Jupyter notebooks are the ideal tool for this type of resource. A Jupyter notebook is a web application that can contain live code, visualizations, and narrative text. If the individual notebook is opened locally, the user can run individual sections of code, edit, and save their changes. The notebooks also translate nicely to HTML so that they can be posted as online documentation. For a broader introduction to Jupyter notebooks see their quick-start guide.

The STAK notebooks are organized by IRAF module, with each section showing a Python example of a particular IRAF task. We attempted to cover some of the most commonly used IRAF tasks, including images.imutil, tables.ttools, and images.imfilter. Figure 1 shows an example of the online documentation for the IRAF task tables.fitsio.catfits. You’ll see that there are several boxes containing code for each task. The imports will always be in the top, followed by the Python code used to provide the task functionality. If this notebook were to be downloaded locally, the code segments could be run interactively. There are 19 sub-packages in total currently covered in the STAK notebooks. We have also included some introductory materials for new Python users. In addition to the STAK notebooks, we are also migrating a handful of STIS post-pipeline user tools to the Python stistools library.

We highly encourage community users to contribute to these transition notebooks! This is an open-source project and we will happily accept pull requests. If you have found a good Python replacement for an IRAF task you commonly use, it would be of great value to the community to include it in this resource. 

Screenshot from the online Stak documentation
Figure 1:  Screenshot from the online STAK documentation for the IRAF task catfits.

Future Developments

With the transition from IRAF to a more mainstream programming language (Python) it is important to realize that there has also been a major change in workflow. The traditional IRAF workflow consists of individual tasks that take a FITS file as input, run a data processing algorithm on the input file, and return an updated output file for the user. However, in Python data manipulation is more a flow of operations expressed in regular code than individual tasks that operate on files. You can read a bit more about this in the Introduction section of the STAK notebooks, along with an introduction to FITS I/O. 

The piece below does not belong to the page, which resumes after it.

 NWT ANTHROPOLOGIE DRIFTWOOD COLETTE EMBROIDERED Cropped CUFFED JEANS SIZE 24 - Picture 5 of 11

While the STAK Notebook effort was primarily to remove IRAF dependencies in the internal STScI workflow, within the next few years, STScI will slowly phase out active support of our IRAF/PyRAF-based software as well. We will continue the distribution of the Astroconda Python 2.7 environment which includes PyRAF, but this will be frozen and there will be no updates for dependencies, bug fixes, and user support.

The end of IRAF support in the community is a challenge best overcome by teamwork. Contributions from the community can be made in various ways. As stated above, additions to the STAK notebooks would be very welcome, but there are other ways to help. Astropy has been the hub of astronomy-tool development in Python for quite a few years now, but there is always more work to be done. The perspective of newer Astropy users is especially valuable, and specific feedback can be communicated through issues on the GitHub repository.  Even more helpful are contributions (via GitHub pull requests) from the community, even if it's a small change to make the documentation more clear. There is currently active development on tools for spectroscopy, photometry, and world-coordinate systems underway within the Astropy community, and now is a good time to test early releases and request features or suggest changes.

Acknowledgements

We would like to thank all the staff members of the institute who participated in this effort and provided feedback on the STAK notebooks. This project could not have been a success without the teamwork shown by the institute staff. We would also like to thank Cristina Oliveira for acting as our INS liaison during this project.